- Status: Vassal state
- Capital: Sahulau [id]
- Religion: Sunni Islam
- Government: Monarchy
- • Established: Early 16th century
- • Ternate conquest of Sahulau: 19th century
- • Disestablished: 19th century
|  | Succeeded by |
|  | Sultanate of Ternate / |
- Today part of: Indonesia

= Kingdom of Sahulau =

Asian state

The Kingdom of Sahulau was a kingdom that once ruled in the Elpaputih Bay on the southern part of Seram Island from the 16th to the 19th century. It is believed that the founder of the Kingdom of Sahulau was La Ode Muna, who was the younger brother of the Sultan of Buton, Murhum. The King of Sahulau held the title "Hena Mese Ina Nusa Nusa Rata Sahulau Samasuru Amalatu Kabasaran".

The Kingdom of Sahulau's capital was located in Sahulau. The population of the Kingdom of Sahulau consisted of the Wemale and Buton. From the 16th to the 17th century, Sahulau engaged in ceramic trade with merchants from China as well as Bugis and Makassar traders. Sahulau also established trade agreements and friendly relations with the Dutch.

== Establishment ==
The Kingdom of Sahulau was one of the kingdoms established in the territory of the Wemale people, who originated from a place called Tamene Siwa. However, the development of Sahulau into the Kingdom of Sahulau was influenced by the presence of migrant settlers. Local folklore believes that the first king of Sahulau was the son of the Sultan of Buton, who had been exiled from Buton and became a settler in the southern part of Seram Island. Upon arriving on Seram Island, he successfully mediated a civil war near his place of residence. As a result, he was rewarded and honored by the local people, who allowed him to establish a village and granted him the right to lead it. The newly established village was located in the mountainous area that is now Sahulau. This village later grew into a kingdom known as the Kingdom of Sahulau.

Based on archaeological findings, the Kingdom of Sahulau was estimated to have been established in the 16th century. It was also believed that the founder of Sahulau was La Ode Muna. He was the younger brother of Sultan Murhum, the first sultan of the Sultanate of Buton, who ruled in the 16th century. Historical records state that La Ode Muna was exiled from Buton as punishment for committing Sexual intercourse with his own mother.

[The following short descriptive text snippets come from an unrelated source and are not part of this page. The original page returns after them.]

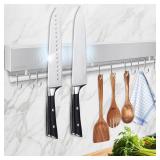 17 Inch Magnetic Knife Holder for Wall - Stainless Steel Knife Magnetic Strip No Drill with 10 Hooks/Adhesive Tape/Screws, Kitchen Utensil Holder, Magnetic Knife Organizer, Wall Mounted Knife Storage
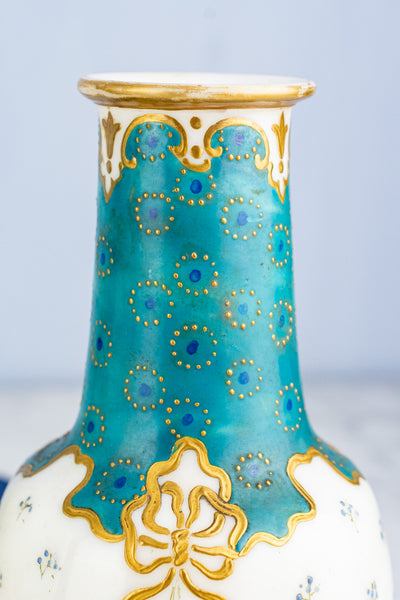 Antique French Hand-Painted Glass Vase Pair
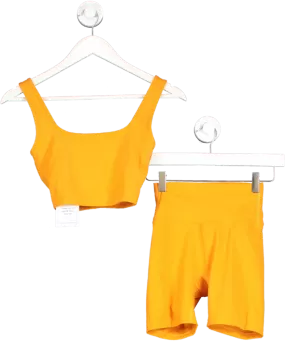 Adanola Orange Square Neck Sports Bra And High Waist Shorts UK XS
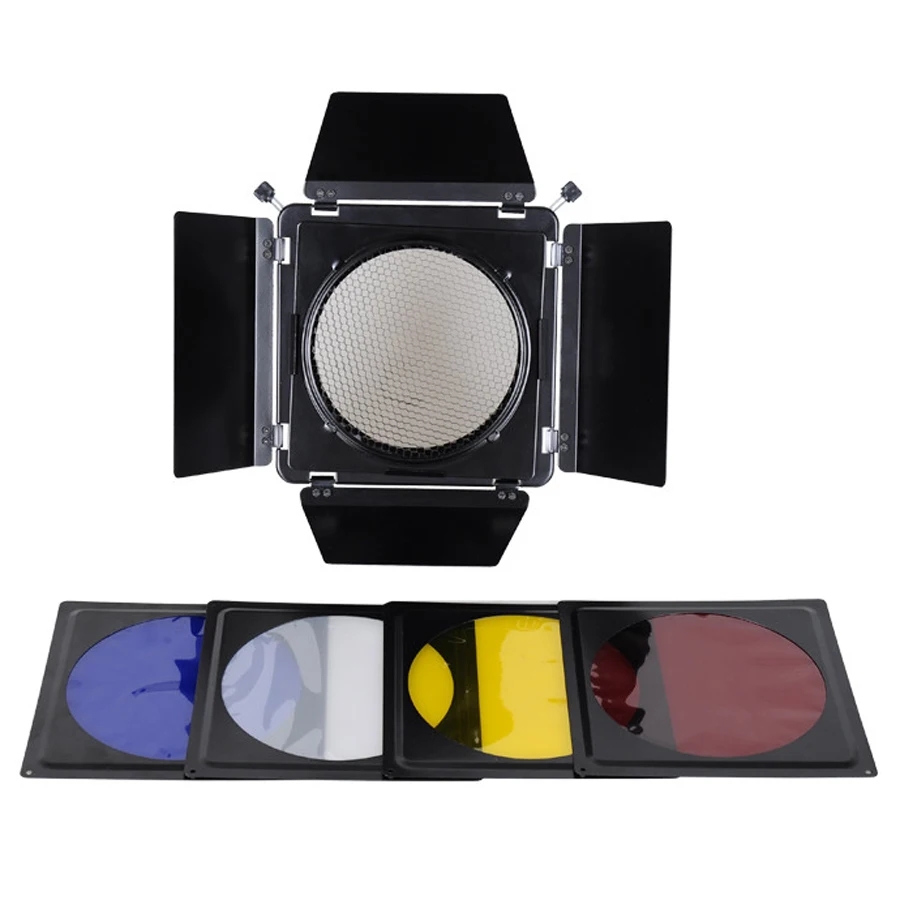 Flash Accessories Barn Door Filter Kits with 200mm Mount include 4pcs Color Filters Fitting Bowens mount
Flash Accessories Barn Door Filter Kits with 200mm Mount include 4pcs Color Filters Fitting Bowens mount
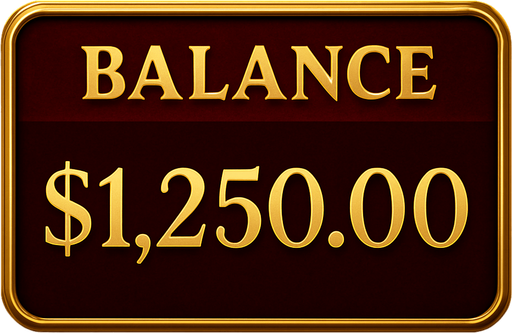 Crea un asset visual para un panel de visualización del 'BALANCE' del jugador, con la palabra 'BALANCE' ubicada en la parte superior.

Objetivo: Un espacio claro, elegante y prominente para mostrar el saldo monetario, coherente con la estética de lujo del casino 'La Tentación Dorada', con la etiqueta 'BALANCE' en la parte superior para facilitar su identificación.

Diseño:

Forma: Un panel rectangular horizontal, con bordes suavemente redondeados o un diseño elegante.

Material/Textura: Acabado metálico pulido (dorado, plateado) o un fondo de terciopelo oscuro (negro, rojo vino, azul noche).

Texto Fijo (Arriba): La palabra 'BALANCE' (o 'SALDO') debe ubicarse en la parte superior del panel, centrada o alineada a la izquierda/derecha según el diseño. Utiliza una tipografía limpia, legible y de estilo casino, en un tamaño adecuado para ser una etiqueta.

Espacio para el Valor (Abajo): Debe haber un espacio claro y destacado debajo de la palabra 'BALANCE' para que el valor numérico del sa.
In-Game asset.  2d.  High contrast.  No shadows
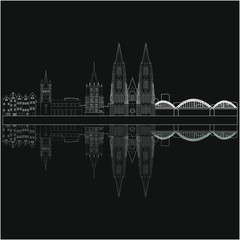 Fototapeta premium skyline in cologne city in Germany. Illustration for web and mobile design.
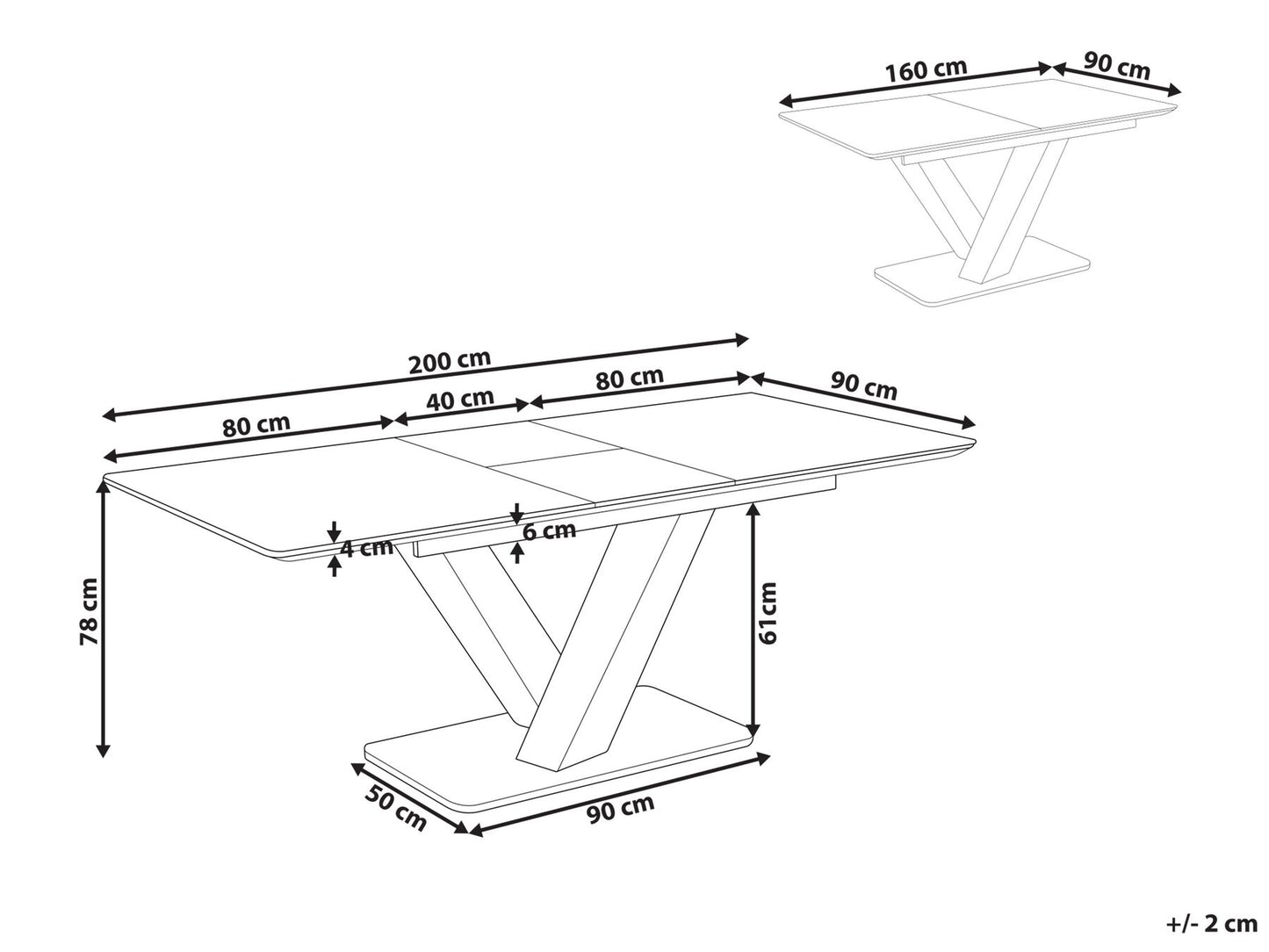 Mesa de Comedor Extensible Blanca 160/200 x 90 cm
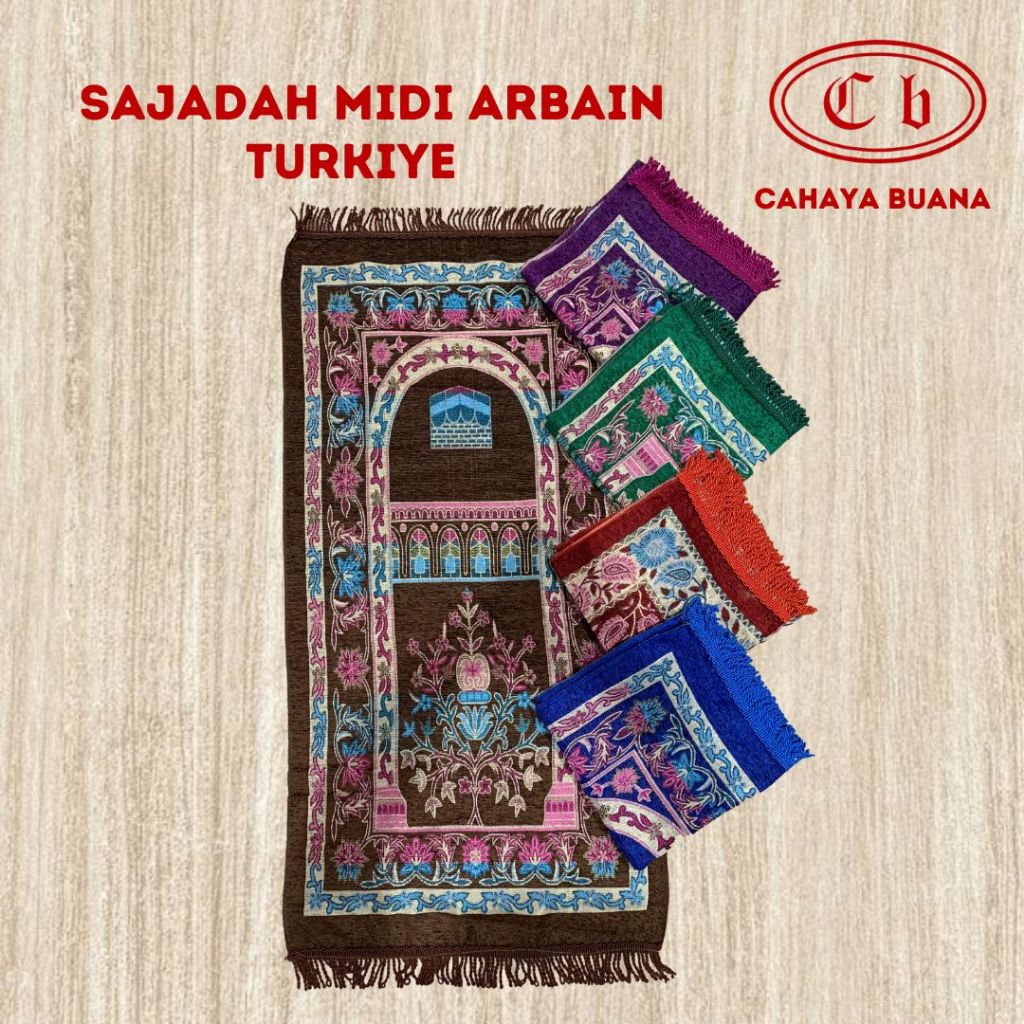 Sajadah Midi Arbain Turkiye Medium / Sajadah Kepang Rumbai Tambang ARBAIN size 50 x 110 cm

== Government and territory ==
Sahulau was led by a king. The title bestowed upon the King of Sahulau was "Hena Mese Ina Nusa Nusa Rata Sahulau Samasuru Amalatu Kabasaran". The authority of the Kingdom of Sahulau covered the bay area in the southern part of Seram Island. The kingdom's central territory was located in Sahulau, which is now situated on the border between Central Maluku Regency and the eastern part of West Seram Regency.

== Population and political relations ==
The population of the Kingdom of Sahulau consisted of the Wemale as the indigenous inhabitants and the Butonese as migrants. Sahulau established trade agreements and friendly relations with foreign nations, especially the Dutch. In addition, the Kingdom of Sahulau engaged in ceramic trade with merchants from China as well as traders from the Bugis and Makassar in what is now South Sulawesi. The ceramic trade in the territory of the Kingdom of Sahulau is estimated to have taken place from the 6th to the 17th century.

== Decline ==
Based on archaeological findings, the decline of Sahulau is estimated to have occurred in the 19th century. The Kingdom of Sahulau came to an end after its territory was conquered by Ternate. After its fall, the ruler over the former territory of the Kingdom of Sahulau was appointed by the Sultan of Ternate. The highest-ranking authority was a royal representative known as a kolano.